Mr. Leon B. Polsky: Correct, Your Honor.
Justice Arthur J. Goldberg: Wasn't there [Inaudible]
Mr. Leon B. Polsky: Judge Fuld's opinion says that Caminito and that Caminito had appealed and then followed the habeas corpus procedure in the district -- in the federal courts.
And then he said, he is therefore preserved his claims or words to that effect and that is why he got out.
I don't know whether he intended to draw some distinction between Caminito's appeal through the state system and the habeas corpus as far as its effectiveness to secure release.
Justice Arthur J. Goldberg: I thought I remember something --
Mr. Leon B. Polsky: He makes -- he does mention it --
Justice Arthur J. Goldberg: In this very case something about federal habeas corpus [Inaudible]
Mr.
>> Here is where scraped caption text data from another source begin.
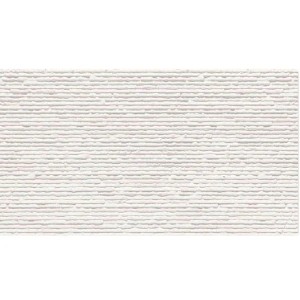 Realonda Ontario Deco Blanco 31x56 płytki ścienne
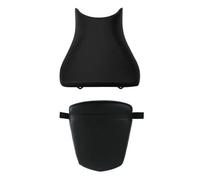 Motocicletta Sella Sedile Accessori Per Moto Selle Per Pilota E Passeggero Per YZF R6 2003 2004 2005 Per YZF R6S 2006-2009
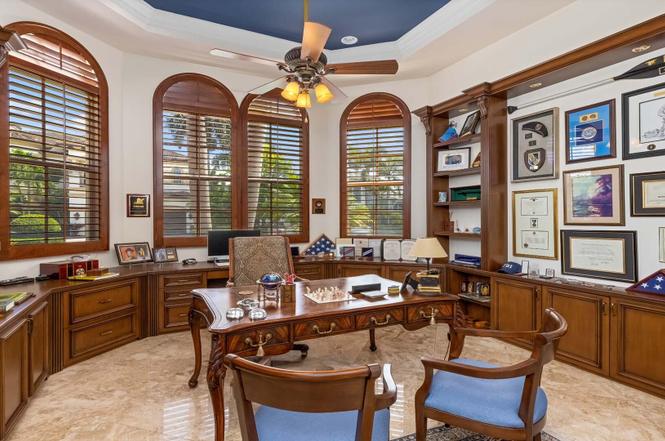 Photo 12 of 929 Banyan Drive, Delray Beach, FL 33483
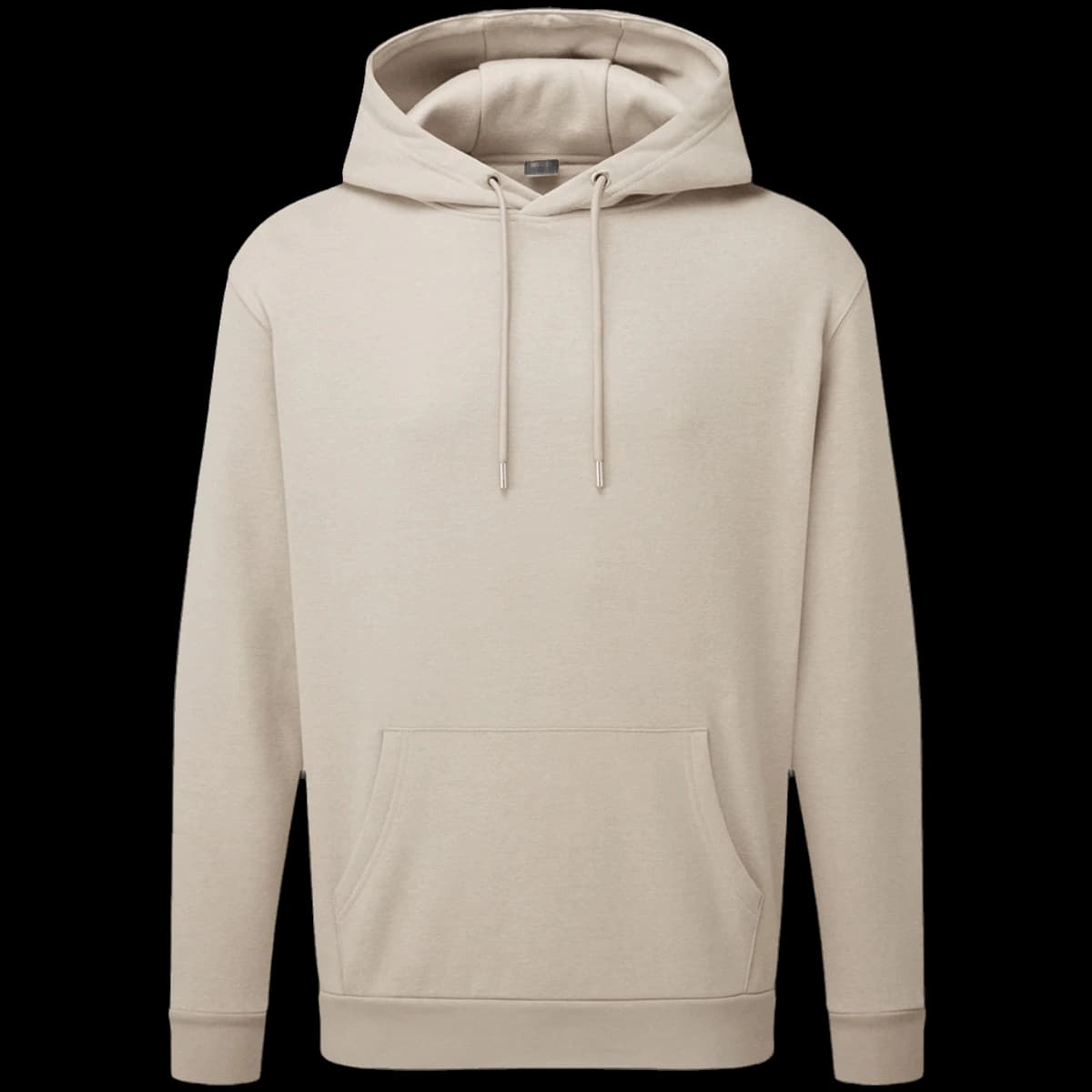 Anthem Studio Hoodie — front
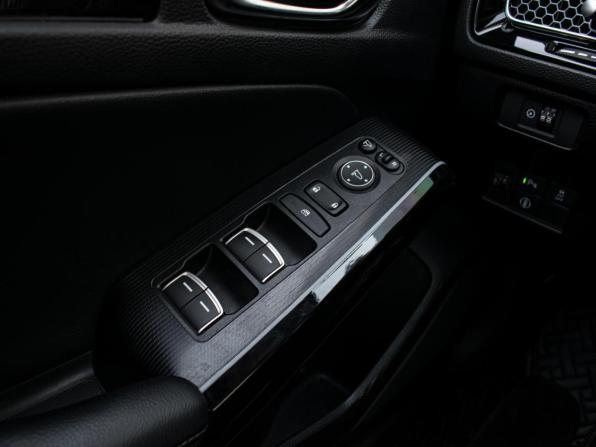 Honda Civic XI с пробегом 2022 года, цена 3 100 000 рублей, 45425 км, седан, Автокод Объявления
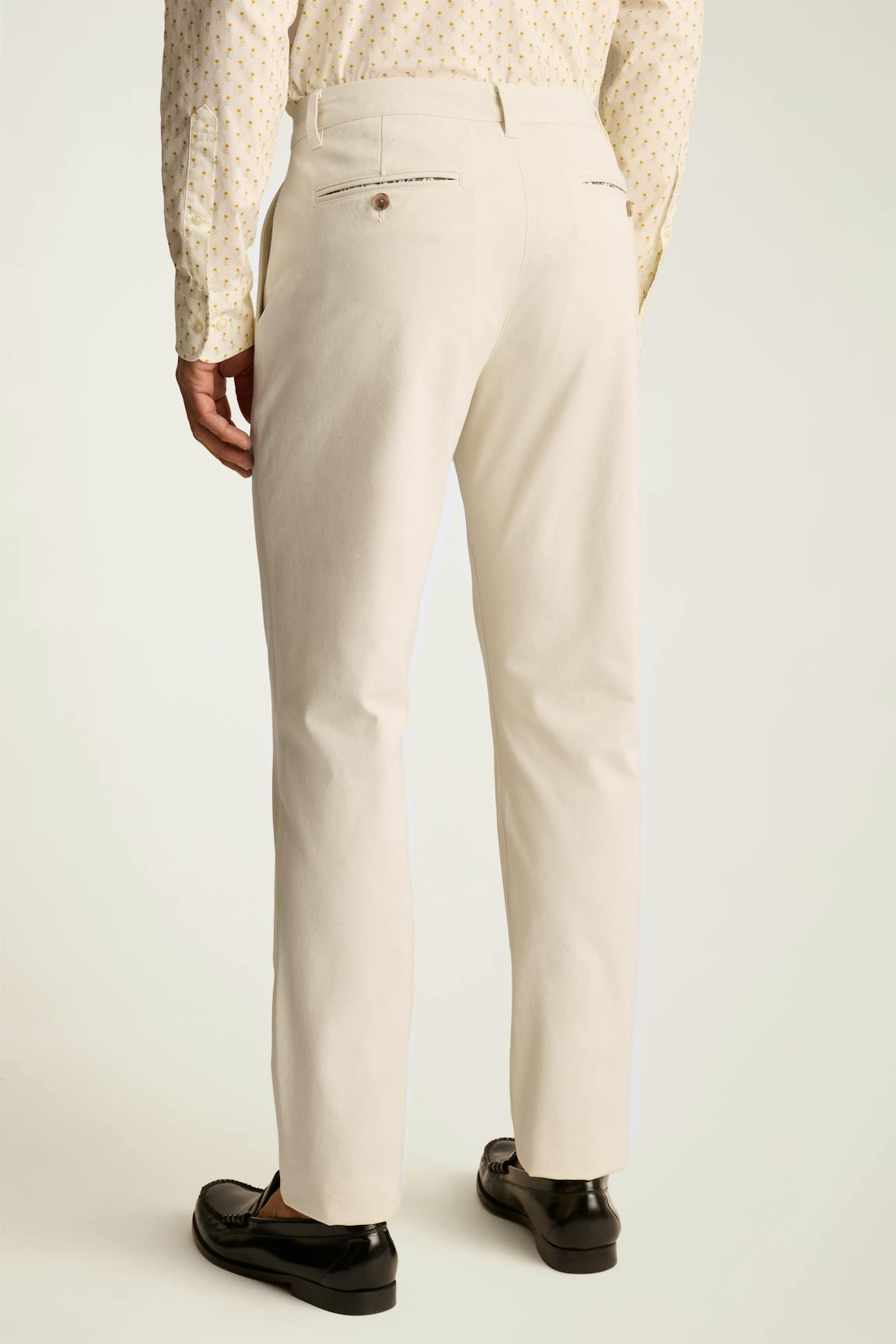 Bonobos The Chino 2.0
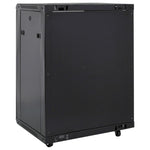 15U Network Cabinet 19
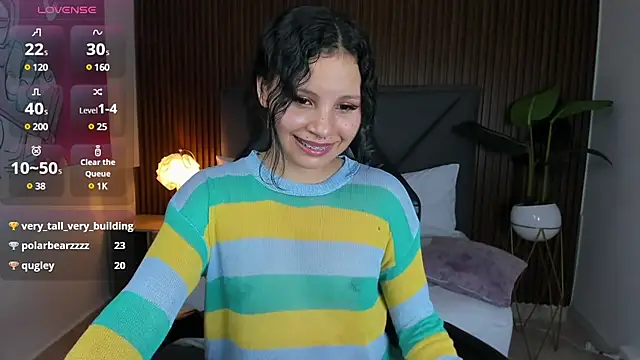 dulce natyy online show from January 25, 8:10 am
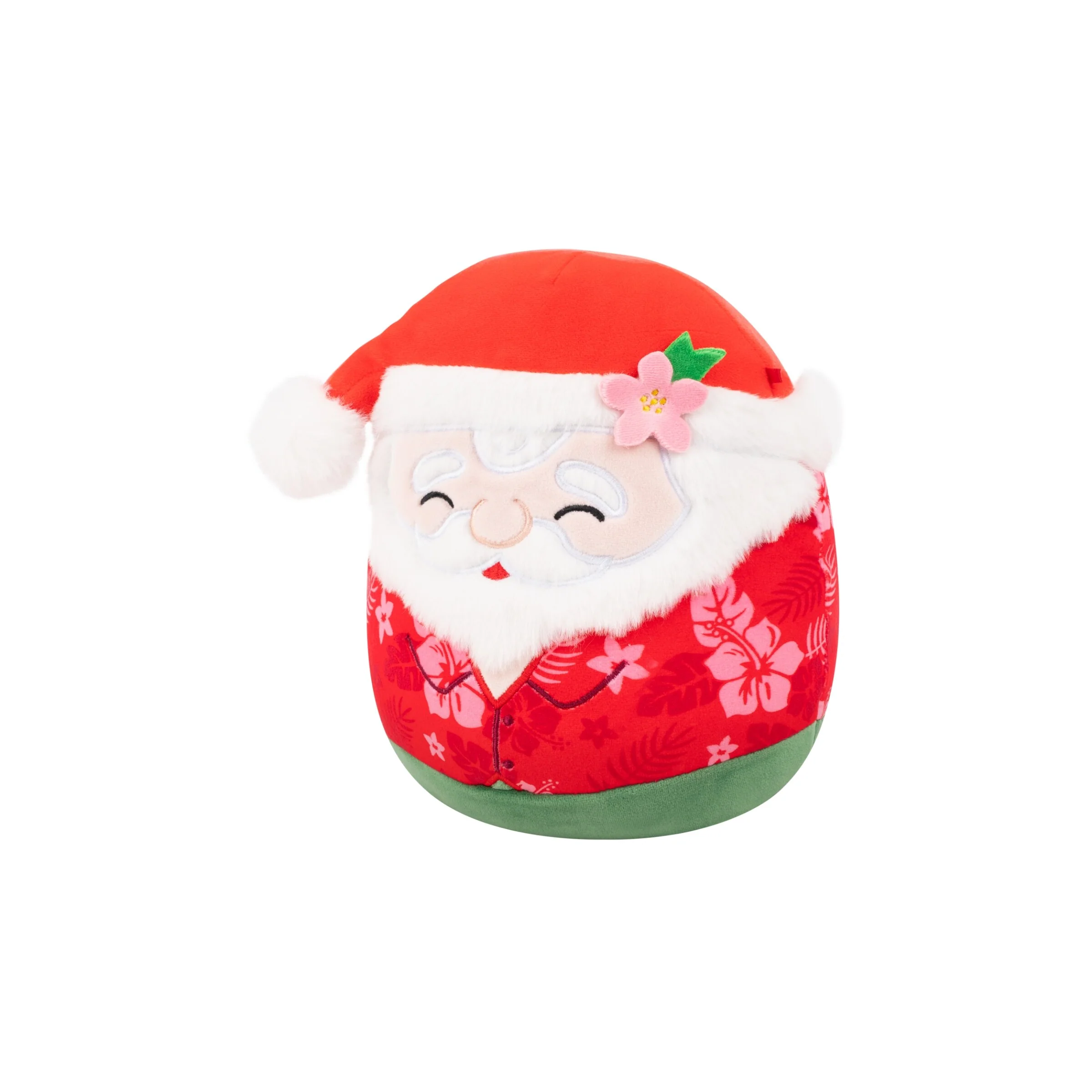 Squishmallow - 7.5 inch - Holiday Assortment B - Image 21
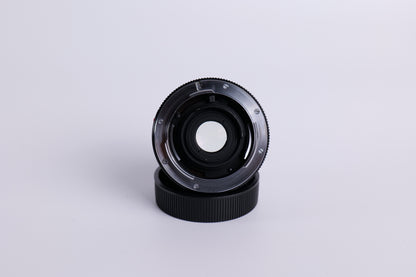 Leitz Leica Elmarit-R 35mm f/2.8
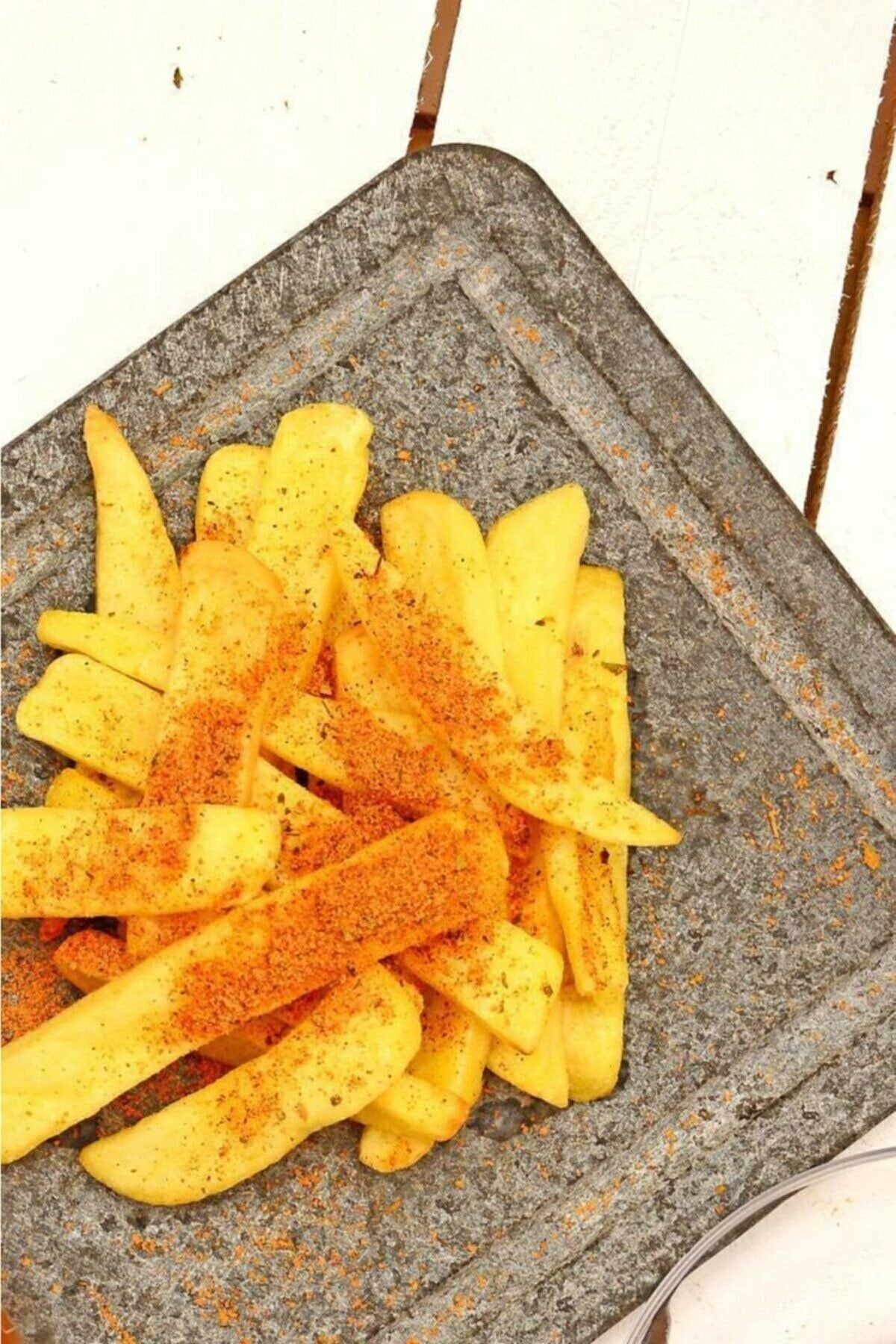 Potato Seasoning 90g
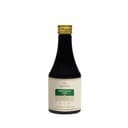 recent-product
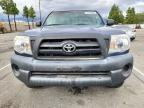 2008 Toyota Tacoma Base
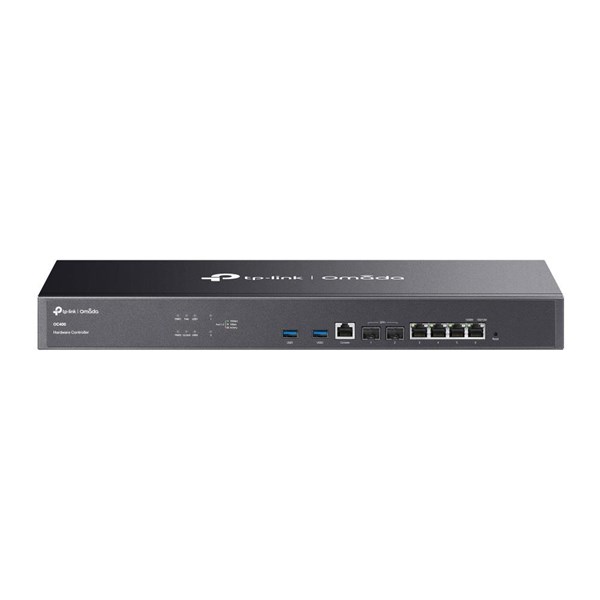 TP-LINK OC400 Omada Donanım Denetleyicisi
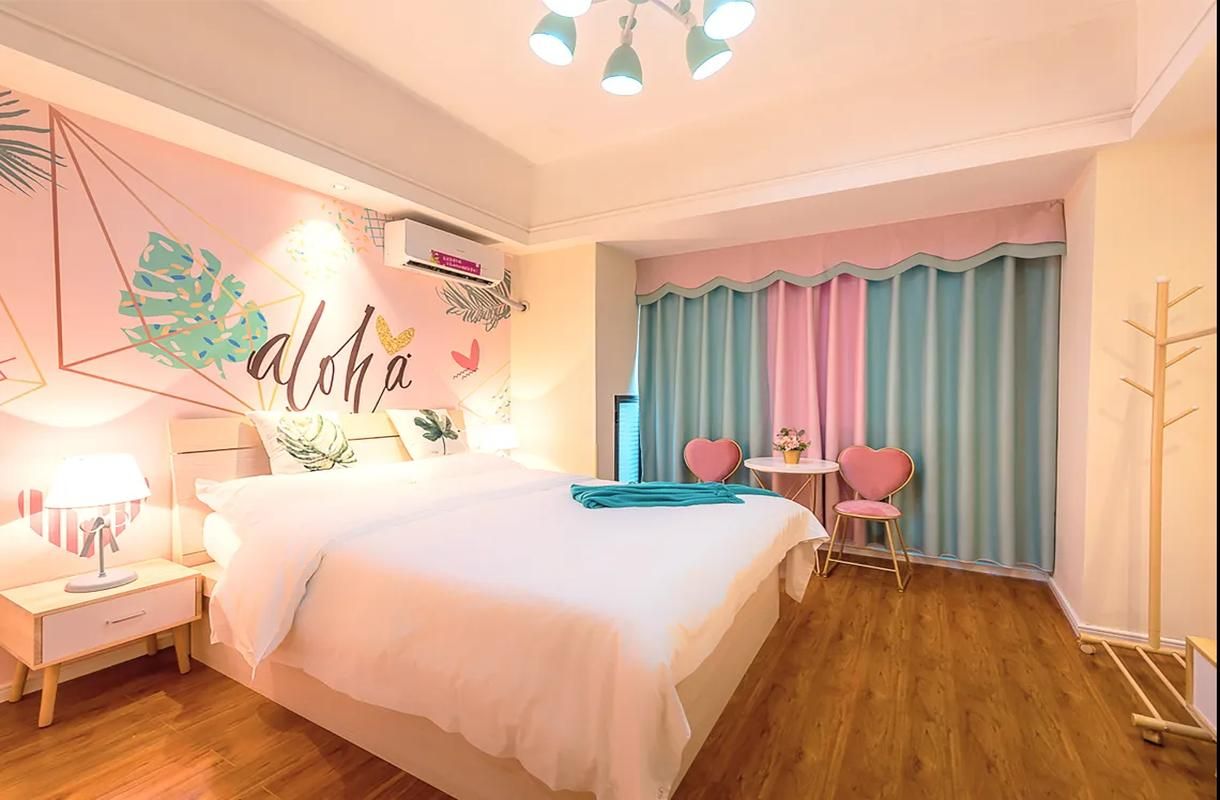Freshroom
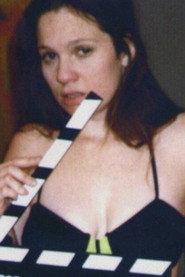 Dawn Murphy profile photo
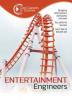 Cover image of Entertainment engineers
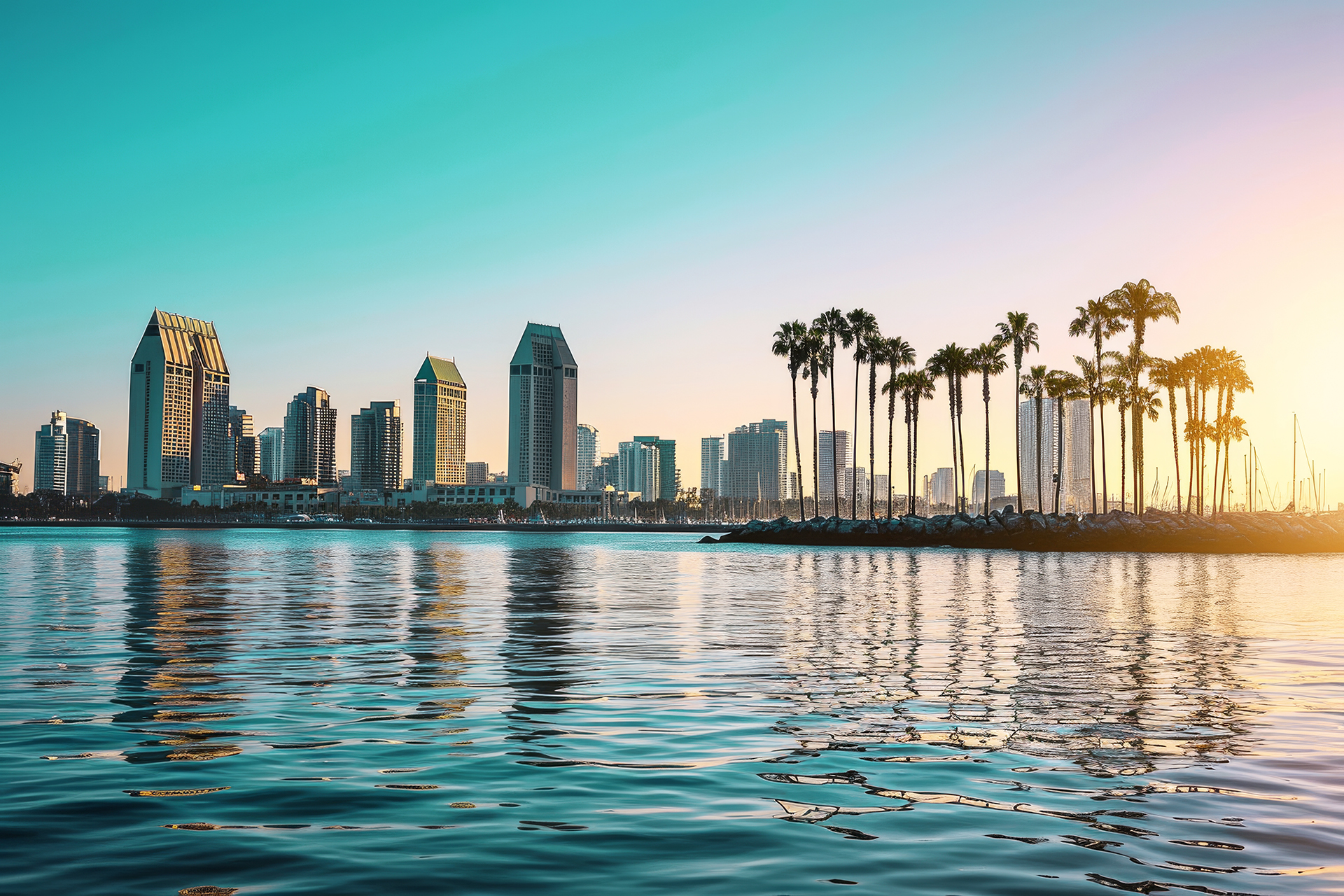 Solve Workflow Problems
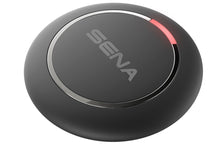 Load image into Gallery viewer, Sena RC1 1-Button Remote for RideConnected App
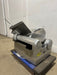 "HOBART"H.D AUTOMATIC COMMERCIAL COUNTERTOP 11 3/4" BLADE MEAT SLICER - Second Life - Equipment - collection_name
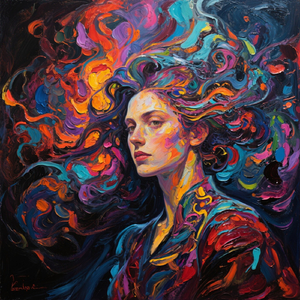 É tempo de desaparecer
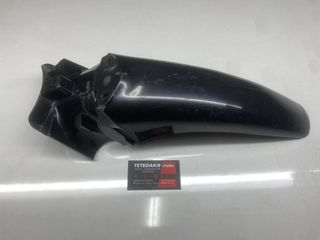 ΦΤΕΡΟ ΕΜΠΡΟΣ (B) ΜΕΡΟΣ-TCB WIND 50-125-CHEETA 50-125 - TETEDAKIS MOTO LAMIA-thumb-1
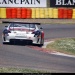 14_Blancpain_TD_Sprint16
Leon B. Polsky: The whole history of this statute, the present Section 2241, begins with the 1867 statute.
Up to that time, even though there is a constitutional provision which provides for habeas corpus or its non-suspension, except in certain instances up until that time it had been held by this Court that the federal court had no power to interfere in a state court proceeding unless Congress passed some sort of enabling legislation to implement the constitutional provision.
Such a statute is passed in 1867.
It was passed definitely bearing in mind the then proposed reconstruction legislation and the proposed Fourteenth Amendment.
That statute has said not a word about exhaustion of state remedies.
It had no limitation to it except federal -- in substance that federal court shall issue the writ, hear the case, dispose of it as law and justice requires if there has been a violation of the federal right.
Soon afterwards the first case under this statute arose, which set forth what has grown up to the exhaustion of state remedies.
Ex parte Bridges, Circuit Justice Bradley reviewing a District Court order, sustaining the writ for a Georgia defendant, a state court prisoner, who had been tried, convicted and had not appealed, the Court said that a federal court in its discretion could refrain from issuing the writ prior to the completion of the entire state court proceeding, tried, appealed and even writ of error to the Supreme Court that were available.
The case clearly rested on discretion, for in that case the writ issued.
The first case in this Court, Ex parte Royall again relying upon Bridges talks in terms of discretion which the Court has the power to issue the writ.
It is discretion, however, which makes us temporize this grant of power.
And after that, another series of cases, all following Bridges and Royall talking in terms of discretion that the Court had the power if it wanted to.
The first case which seems to import a new concept beyond this exhaustion of state remedies discretion is I believe the Spencer case which was decided by this Court in 1913.
In that case, a state court prisoner deliberately, knowingly failed to appeal from his state court conviction.
Instead he brought a habeas corpus proceeding, claiming that the state statute under which he had been convicted was unconstitutional, having ex post facto sentencing provisions.
This Court, upon review or upon application for a writ, said that by Spencer's failing to appeal his conviction, he injected new issues into the case because had he appealed, the Pennsylvania Court could have construed the statute in such a manner that its constitutionality would not have been subject to attack.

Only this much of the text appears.